#TANZ CARMINA BURANA SHEET MUSIC SERIES#
A series of beautiful if vague pas de deux and pas de trois suggest the amorous adventures of the youngsters. We see the joyous arrival of Spring (“All things are tempered by the sun, so pure and fine”), with 16 dancers presenting a multifarious array of styles ranging from the balletic to the loosely modernist.

Photo by Brett Pruitt & East Market Studios
#TANZ CARMINA BURANA SHEET MUSIC FULL#
The dark-robed chorus was so far upstage they seemed to be struggling to see either conductor (Ramona Pansegrau) or side-monitors: much less actually hear the musicians buried in the pit, which might explain why they were at times half a beat, or even a full beat, behind the orchestra. Baritone Armando Contreras delivered some of the most sonorous and pointedly dramatic singing I’ve heard from him. Sarah Tannehill Anderson was the soulful soprano, Daniel Hansen was the potent-voiced tenor. The set and lighting designs (by Trad A Burns) also include a trio of tiered platforms for the vocal soloists, who can at times be seen through the gaps in the panels and are costumed similarly to the dancers.
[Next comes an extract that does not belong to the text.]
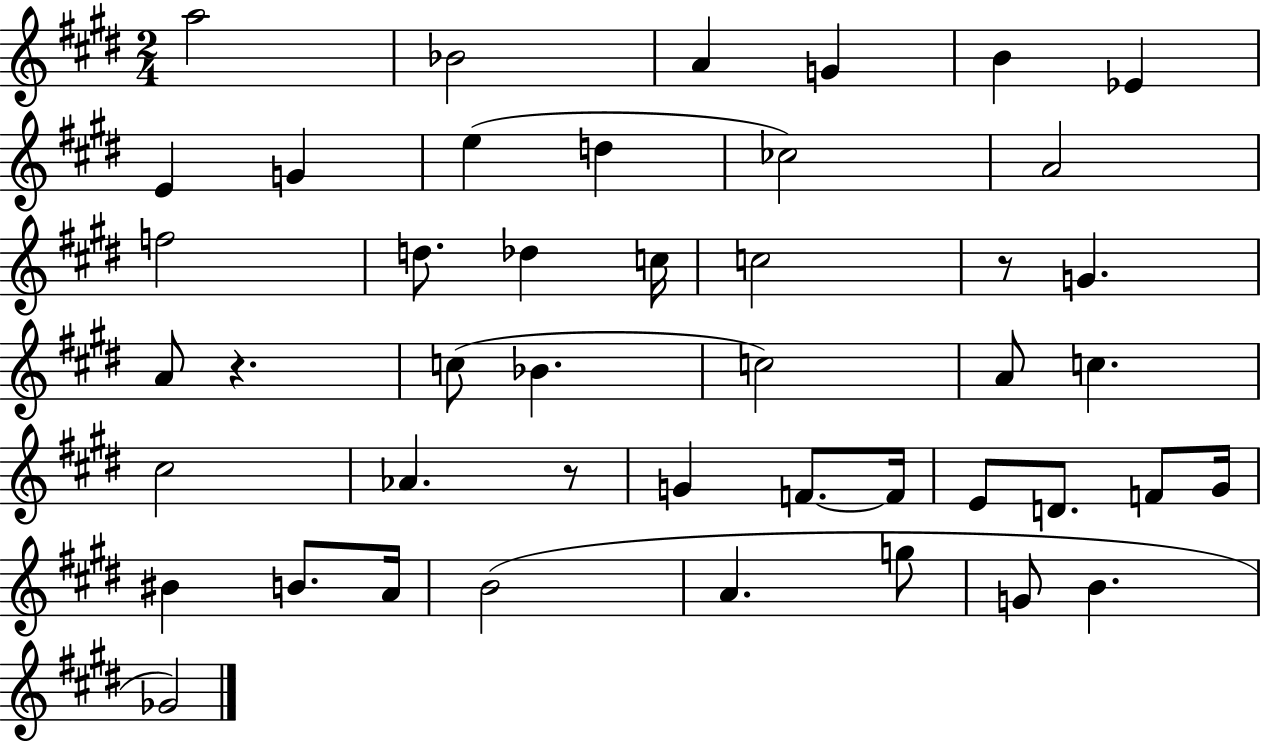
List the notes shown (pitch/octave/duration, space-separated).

A5/h Bb4/h A4/q G4/q B4/q Eb4/q E4/q G4/q E5/q D5/q CES5/h A4/h F5/h D5/e. Db5/q C5/s C5/h R/e G4/q. A4/e R/q. C5/e Bb4/q. C5/h A4/e C5/q. C#5/h Ab4/q. R/e G4/q F4/e. F4/s E4/e D4/e. F4/e G#4/s BIS4/q B4/e. A4/s B4/h A4/q. G5/e G4/e B4/q. Gb4/h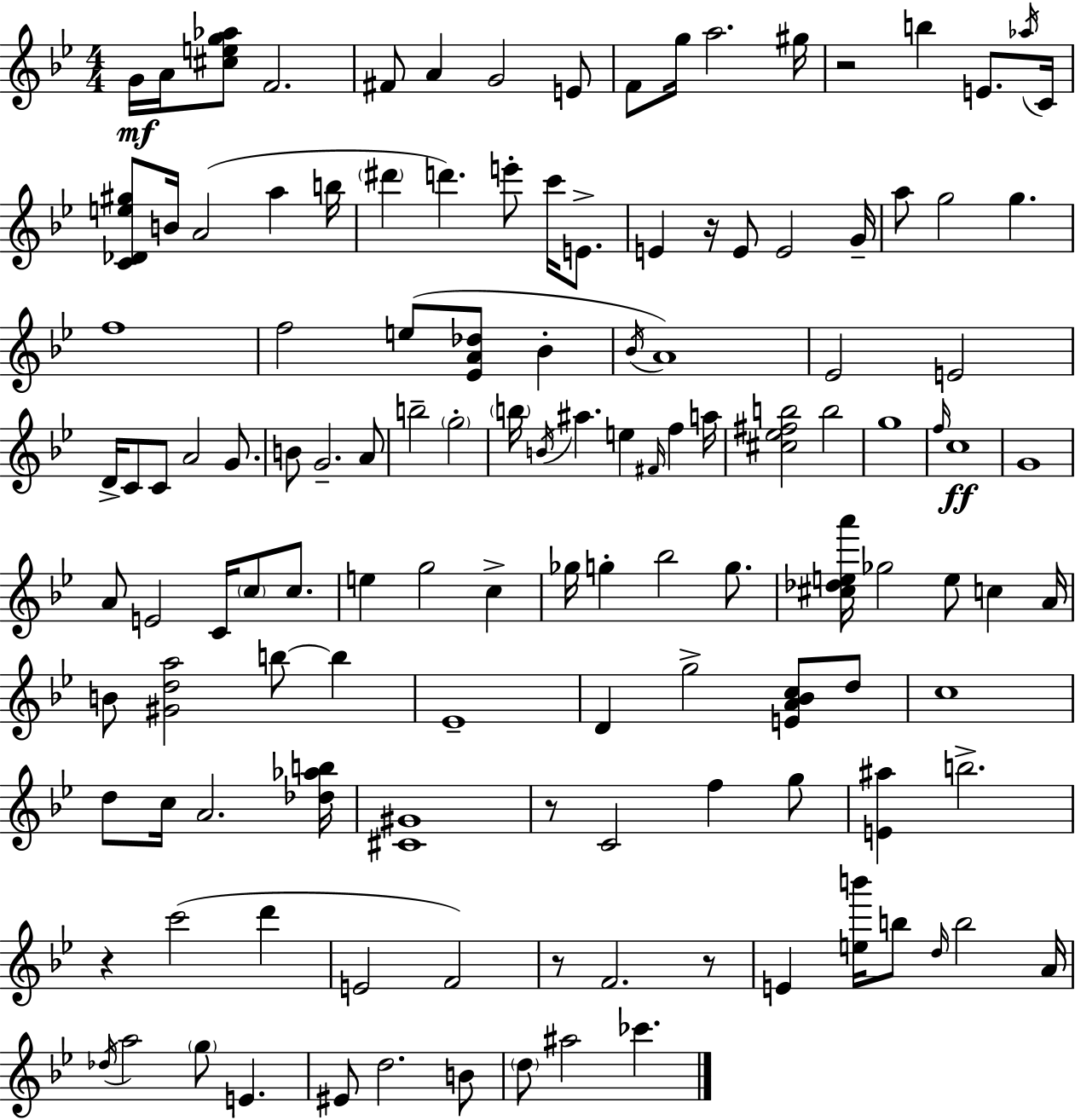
G4/s A4/s [C#5,E5,G5,Ab5]/e F4/h. F#4/e A4/q G4/h E4/e F4/e G5/s A5/h. G#5/s R/h B5/q E4/e. Ab5/s C4/s [C4,Db4,E5,G#5]/e B4/s A4/h A5/q B5/s D#6/q D6/q. E6/e C6/s E4/e. E4/q R/s E4/e E4/h G4/s A5/e G5/h G5/q. F5/w F5/h E5/e [Eb4,A4,Db5]/e Bb4/q Bb4/s A4/w Eb4/h E4/h D4/s C4/e C4/e A4/h G4/e. B4/e G4/h. A4/e B5/h G5/h B5/s B4/s A#5/q. E5/q F#4/s F5/q A5/s [C#5,Eb5,F#5,B5]/h B5/h G5/w F5/s C5/w G4/w A4/e E4/h C4/s C5/e C5/e. E5/q G5/h C5/q Gb5/s G5/q Bb5/h G5/e. [C#5,Db5,E5,A6]/s Gb5/h E5/e C5/q A4/s B4/e [G#4,D5,A5]/h B5/e B5/q Eb4/w D4/q G5/h [E4,A4,Bb4,C5]/e D5/e C5/w D5/e C5/s A4/h. [Db5,Ab5,B5]/s [C#4,G#4]/w R/e C4/h F5/q G5/e [E4,A#5]/q B5/h. R/q C6/h D6/q E4/h F4/h R/e F4/h. R/e E4/q [E5,B6]/s B5/e D5/s B5/h A4/s Db5/s A5/h G5/e E4/q. EIS4/e D5/h. B4/e D5/e A#5/h CES6/q.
The chorus, dimly lit and placed far upstage, sings “O Fortuna!” in stentorian tones, separated from the downstage dancers by a row of tall fabric panels. The ballet opens with our eyes on a tangled vertical structure, downstage-right, from which streams hourglass-like sand. Danielle Bausinger and Liang Fu / Photo by Ali Fleming

Alongside are two “helpers” (Danielle Bausinger, Liang Fu), who at times help him through his trials, but at times behave more like Job’s interlocutors. He dances, romances, revels in the joys of life, and rails against the inevitability of death. (Orff’s piece sets 13th-century poetry that is mostly in Latin and Middle High German, yet neither a translation nor even a synopsis was provided.) Nevertheless, Adam’s protagonist (Gavin Abercrombie on opening night) appears plausibly to be the “I” of Orff’s texts.

His lavish production of the hour-long piece, performed with the Kansas City Symphony and Chorus and three fine soloists, presents a male protagonist who suffers the slings and arrows of life, love, drunkenness, and (perhaps) near-loss of faith when confronted with the stark reality of the “wheel of destiny.” I say “perhaps” because the narrative line was not always crystal-clear, possibly by design: and even less so, I would think, for someone unfamiliar with the original texts. Dancer Gavin Abercrombie and baritone Armando Contreras / Photo by Brett Pruitt & East Market StudiosĪdam Hougland, whose new Camina Burana is the centerpiece of the Kansas City Ballet’s season-opener that began October 11th at the Kauffman Center, falls somewhere in the middle. Others have used the score (which includes orchestra, chorus, and three vocal soloists) as a kind of sound-design for a more fanciful, less literal narrative. Many dance-makers have set the 1936 musical milestone as dance theater, with a narrative that more or less mirrors the themes in the text: community and faith, love and courtship, destiny and death. And because so much of its rhythmic energy suggests dance, it’s hardly surprising that the score has proven a favorite among choreographers. Carl Orff’s Carmina Burana lends itself to the stage partly, perhaps, because the composer actually intended it to be performed as a sort of theatrical pageant, with sets, costumes, and even movement.